В период царствования Николая II традицию Собственных кухонь сохранили в полной мере. В Александровском дворце Царского Села, который с 1905 г. стал постоянной императорской резиденцией, кухонные помещения располагались в отдельном здании, поблизости от дворца (Кухонный корпус), и в подвальном помещении самого дворца.

В основном готовили для императорской семьи в Кухонном корпусе. От него для сообщения с дворцом в 1902 г. построили специальный подземный туннель, тщательно охраняемый. Это было связано с тем, что до Николая II жилые комнаты императорской семьи находились в правом крыле дворца и готовые кушанья носили в резиденцию прямо через обширную лужайку. В 1896 г. императорскую жилую половину перенесли в левое крыло, поэтому новым хозяевам дворца нежелательно было наблюдать из своих окон бесконечную беготню слуг между кухней и дворцом.
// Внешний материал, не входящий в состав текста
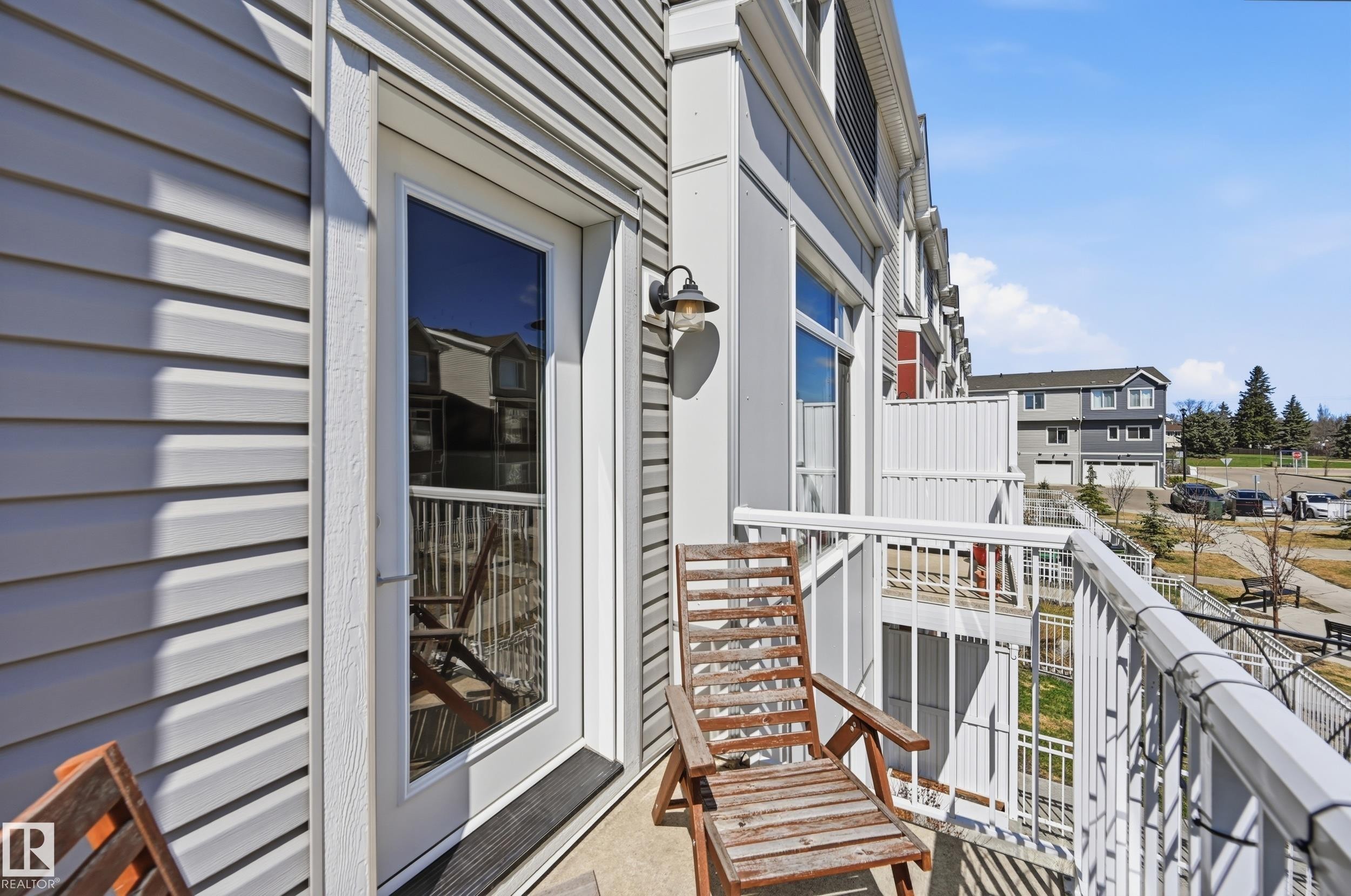 24 215 Saddleback Road, Edmonton, AB - Outdoor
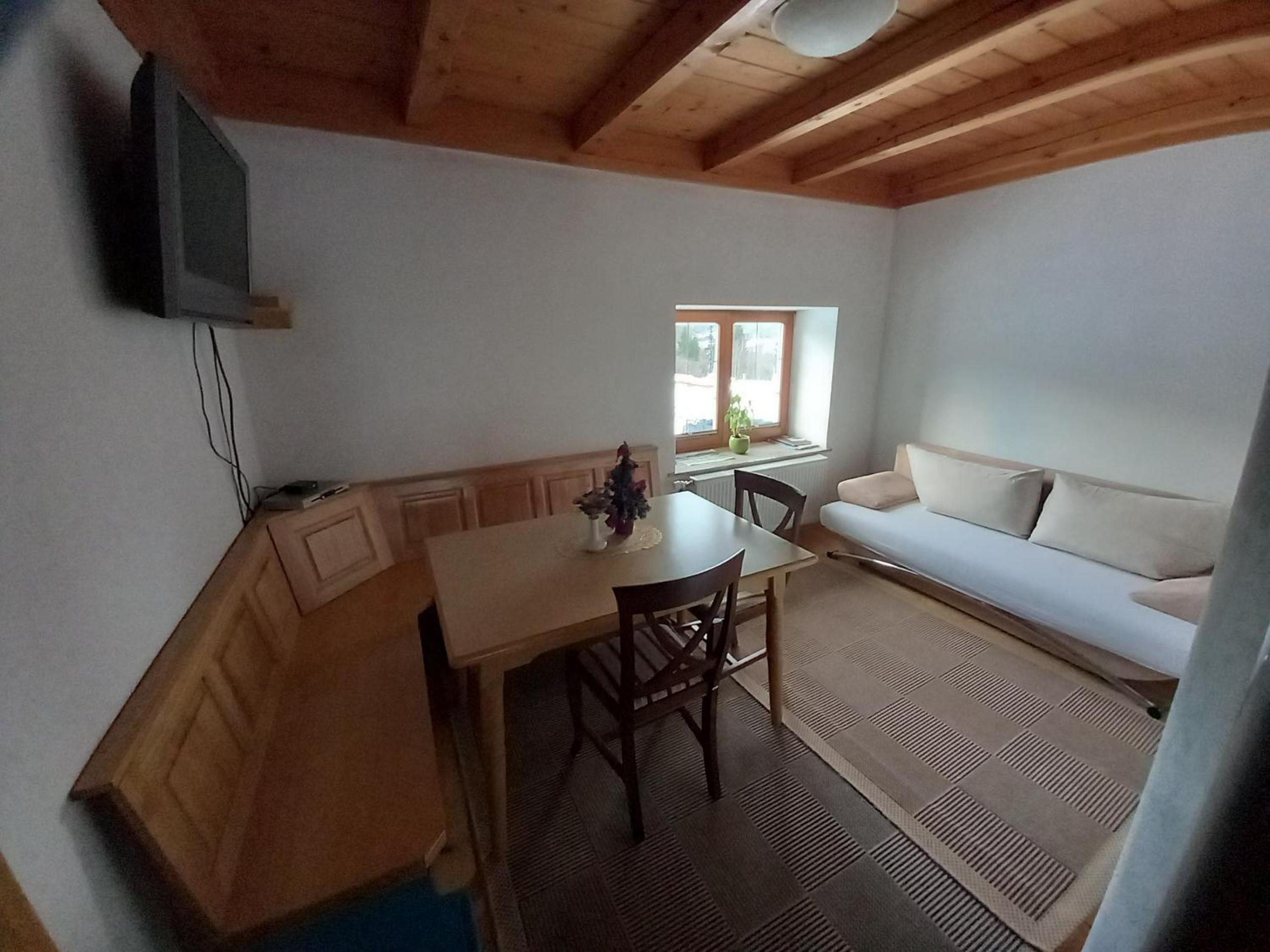 One-Bedroom Apartment with Sauna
В подвале дворца располагалось девять обширных помещений, отведенных для «малых» кухонь и буфетов. В «Собственном буфете Их Величеств» варили кофе, кипятили молоко, сливки и шоколад. В «Собственной „Приспешной“ кухне»[72] готовили блюда, подаваемые на стол только в горячем виде. Для этого в подвальной кухне имелся очаг, пирожная духовая печь (в ней на Масленицу пекли блины), котел для нагревания воды, вертел и рошпор для приготовления шашлыков на березовых углях.

Несколько буфетов и кухонь обслуживали свиту и прислугу (буфет камер-юнгфер и комнатных девушек; буфет офицеров Сводного полка; Собачья кухня; Расхожий буфет, или Кофешенкская; Гофмаршальская кухня; Столовая; Помещение для отпуска вина).

Сохранилось поэтажное описание императорской кухни, находившейся в отдельном Кухонном корпусе, близ Александровского дворца в Царском Селе. На первом этаже Кухонного корпуса находилась Главная кухня, включавшая 16 помещений. В них располагалась пирожная (2 помещения), в которой выпекались пирожки. Кроме холодильника, в этой комнате стояли русские печи и посредине комнаты – длинный стол для выпеченных пирожков. В помещении главной кухни, кроме многочисленных столов (супмейстера, соусника и пр.), находилась плита. Из этого помещения отпускались завтраки и обеды по II, III и IV разрядам. В заготовочном отделении шла предварительная обработка продуктов к высочайшему столу. Из этого помещения отпускались завтраки и обеды для императорской семьи и их свиты. Из профессионального оборудования там находилась большая мраморная ступка для приготовления фаршей к протиранию. В этом помещении был установлен очаг для жарки мяса и дичи, как на вертеле, так и на рашпоре.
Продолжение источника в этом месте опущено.